The study objective was to take a psychophysical approach to examine the effects of the individual TAS2R38 polymorphisms on bitter perception. Previous studies suggested that different amino acids at position 49 account for the greatest fraction of differences in phenotype, followed by V262A, and that I296V has subtle or undetectable effects (Kim et al. 2003; Bufe et al. 2005).
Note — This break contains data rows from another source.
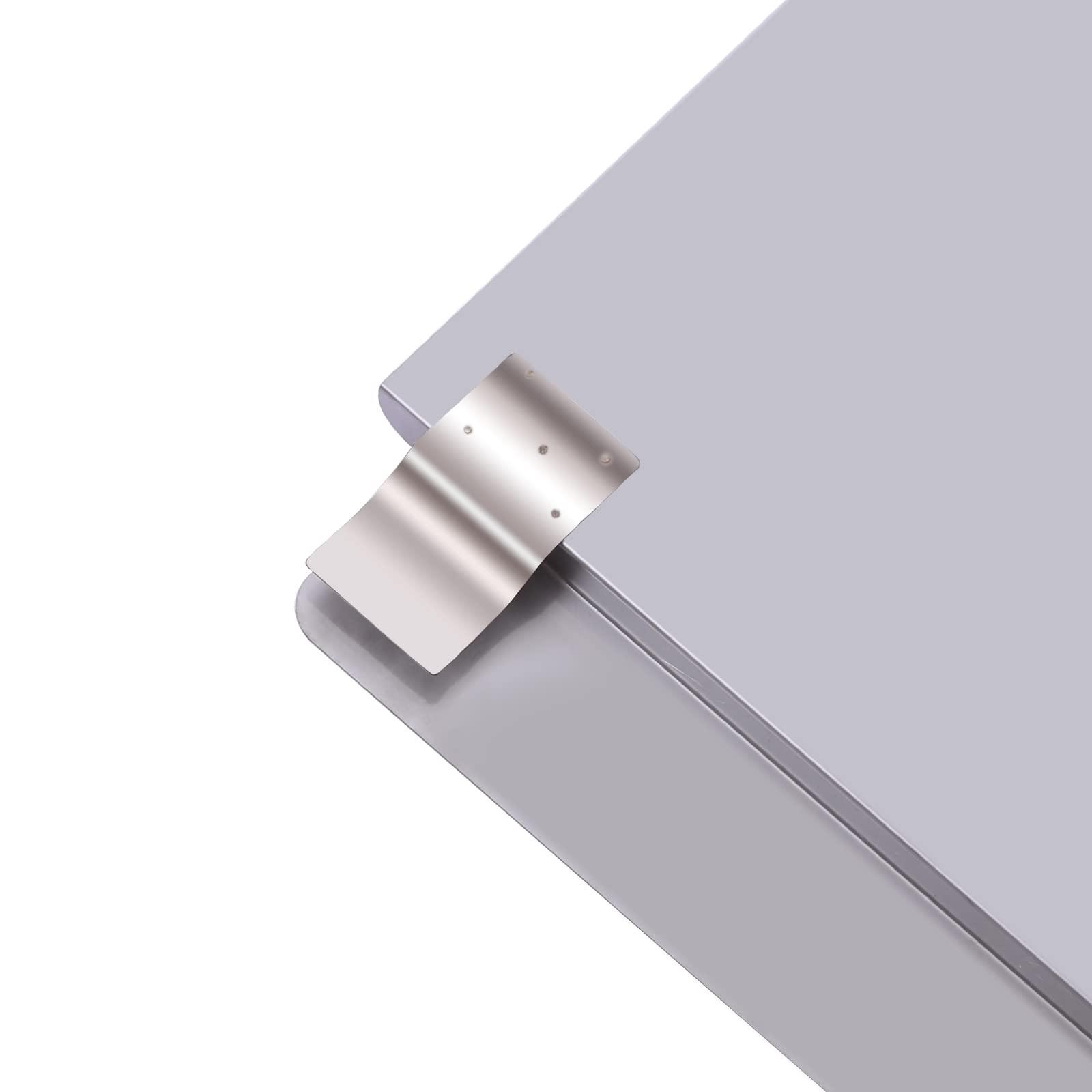 QUEMARQUE 2 Pcs Stainless Steel oil Splatter Guard, Grease Splatter Screen, Commercial Deep Fryer Splash Guard 20-1/2\" W X 18\" H Universal Anti Splatter Sheet Oil Guard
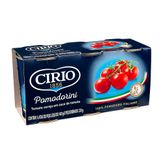 Tomate Cereja em Suco de Tomate Pomodorini Cirio Pack com 3 Unidades 400g Cada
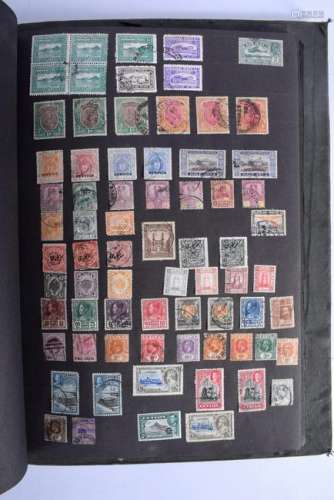A GOOD COLLECTION OF WORLD STAMPS Australia, New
Because of the large and genetically diverse sample recruited herein, we were able to find sufficient numbers of subjects with rare diplotypes to more precisely define the roles of the last 2 polymorphisms. The results for V262A agreed with past research that demonstrates that an alanine in this position increases sensitivity to moderate concentrations of PROP. However, we found that a valine, rather than isoleucine, in the last position (I296V) was associated with increased sensitivity at the lowest concentration of PROP, and this result was apparent regardless of the upstream haplotype. The main point is that genotyping only the A49P polymorphism, while convenient for statistical analysis, does not fully capture the genotype–phenotype association (Mennella et al. 2005).
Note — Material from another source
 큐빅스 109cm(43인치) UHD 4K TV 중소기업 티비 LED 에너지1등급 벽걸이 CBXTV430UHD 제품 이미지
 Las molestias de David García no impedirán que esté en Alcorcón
The observation that the I296V polymorphism has an effect on the perception of PROP does not agree with data obtained from cell-based assay experiments of receptor function (Bufe et al. 2005). This discrepancy might potentially be resolved by the results of structural modeling studies of the TAS2R38 protein, which suggested that the I296V polymorphism is within a motif that interacts with G-proteins (i.e., intracellular signaling molecules) (Floriano et al. 2006; Miguet et al. 2006). Therefore, one explanation is that the I296V interacts with the native G-protein and results in greater or lesser PROP sensitivity, but in the cell-based assay system, it does not have the same effect because it interacts with different nonnative G-proteins. In keeping with this explanation, failures of heterologous systems to fully capture the action of the receptor in vivo have been reported for olfactory receptors (Grosmaitre et al. 2009). Overall, these data highlight the limitations of heterologous cell-based assay methods to study human taste systems.
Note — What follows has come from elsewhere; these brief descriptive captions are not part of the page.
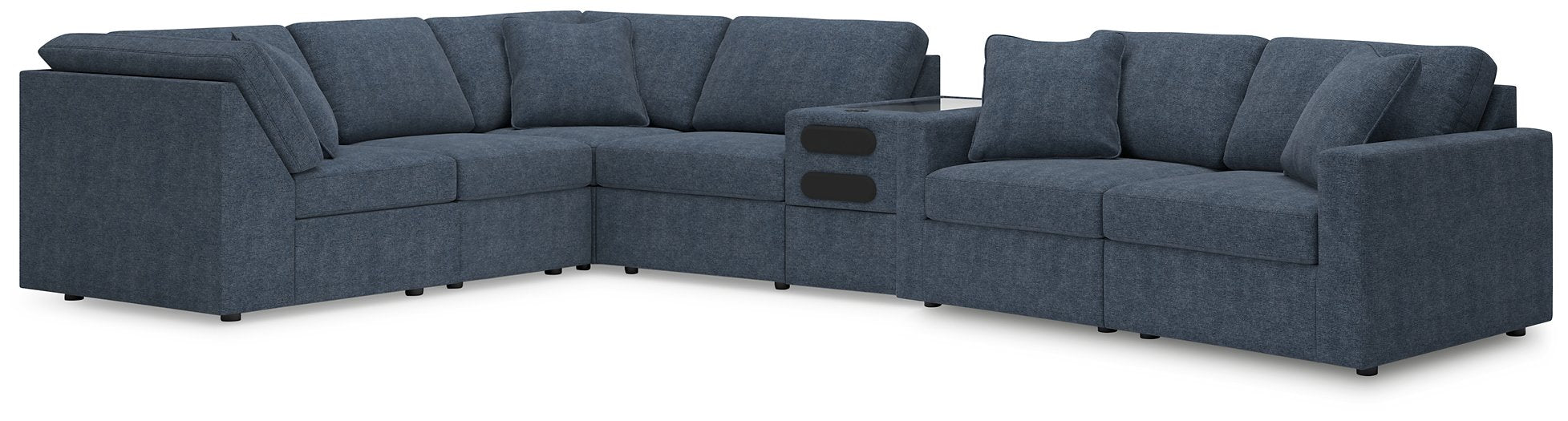 Modmax Sectional with Audio Console - Bargain Furniture (Detroit, MI)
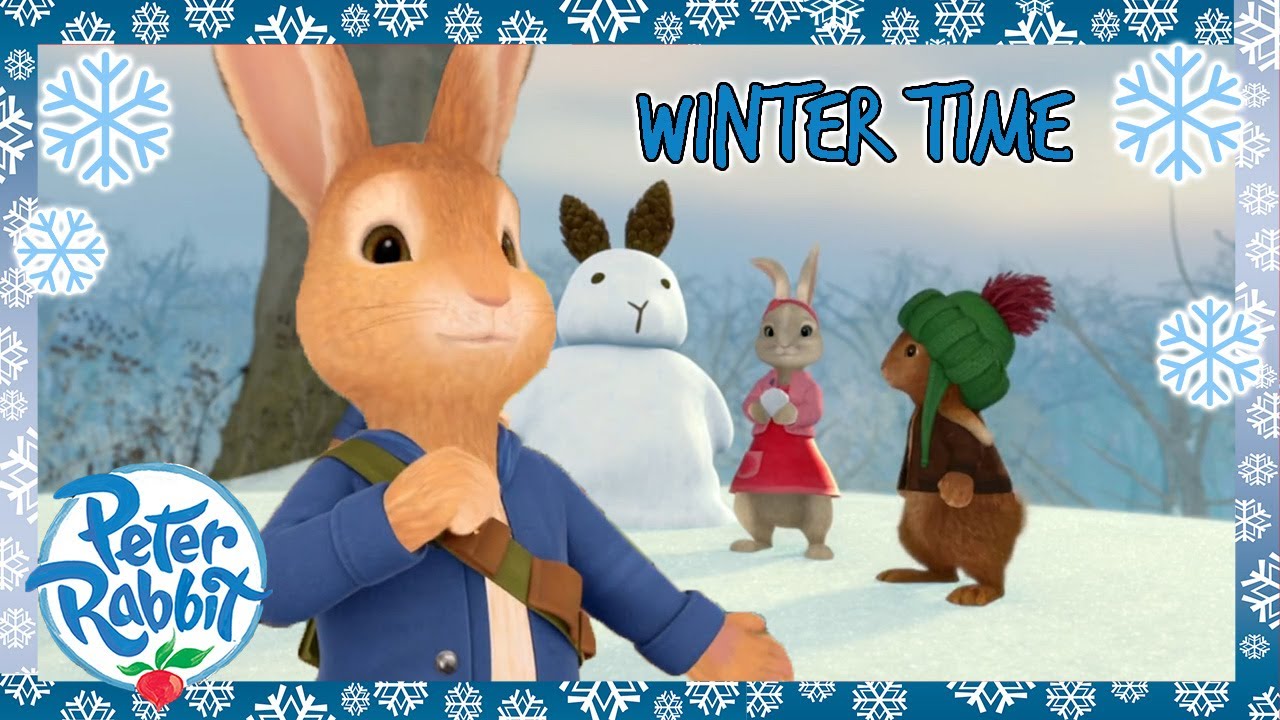 @OfficialPeterRabbit - ❄️⛄ Peter Rabbit Wraps Up For Winter ❄️⛄ | 1+ Hour | Cartoons for Kids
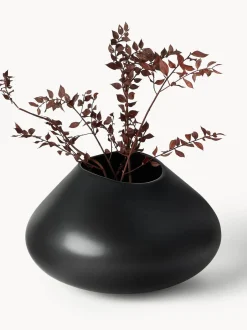 Vaso Fatto A Mano Nero Latona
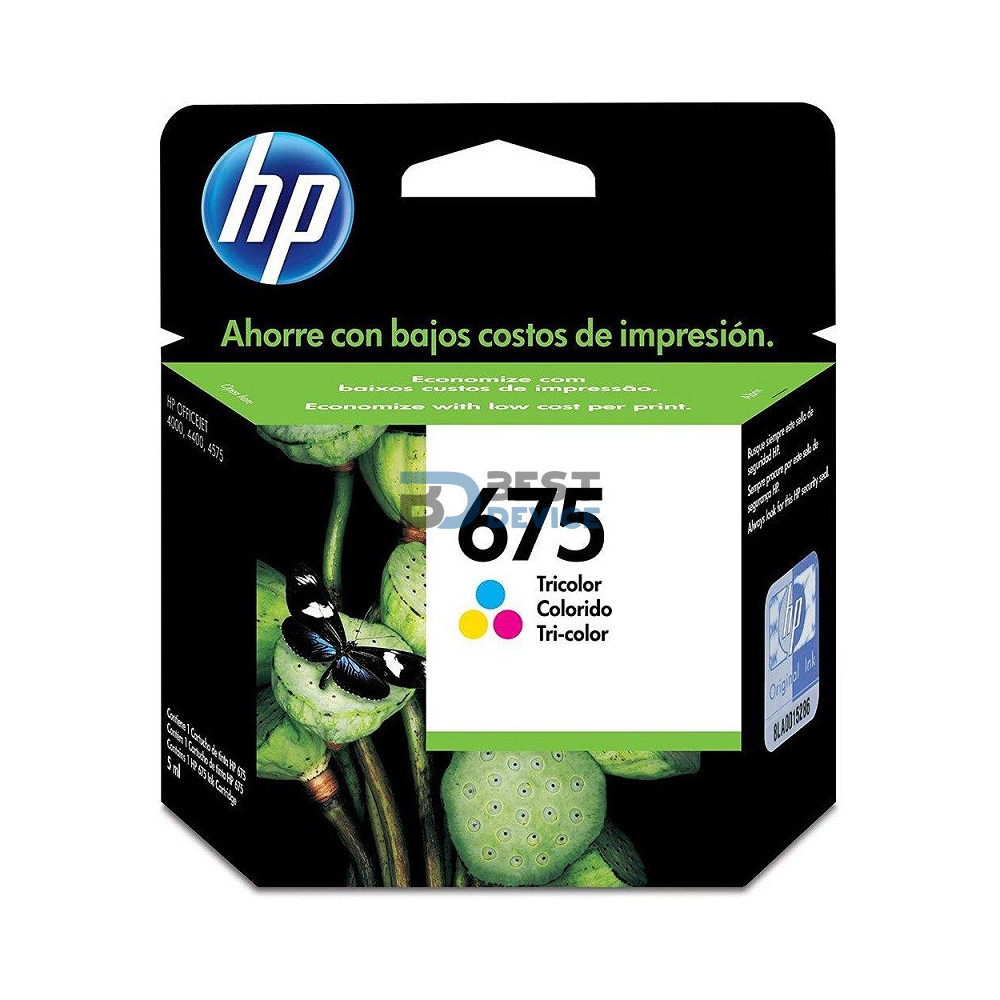 TINTA HP CN691AL 675 COLOR TINTA HP CN691AL 675 COLOR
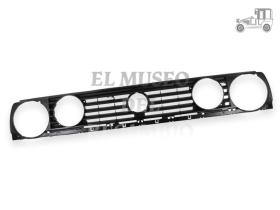Rejilla fontal 2+2 negra 5 lamas Volkswagen Golf 88-92 Recambio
Race and ethnicity are important variables in this study because the uncommon haplotypes used to draw conclusions about the effects of particular polymorphisms are more common in some racial groups than others. For instance, the AAI haplotype is more common in Americans of African descent, whereas the AAV haplotype is more common in Americans of European descent. However, although polymorphism frequencies differ among these groups, race had no effect on the bitter tasting ability of people with the same diplotype. As an example, people with the AVI/AVI diplotype were equally insensitive to PROP, regardless of race (Mennella et al. 2010). This result suggests that there are no residual effects of race-specific genetic background on this taste trait and also that environmental or cultural differences which have been reported for some aspects of taste (Moskowitz et al. 1975) do not influence the genotype–phenotype relationship here.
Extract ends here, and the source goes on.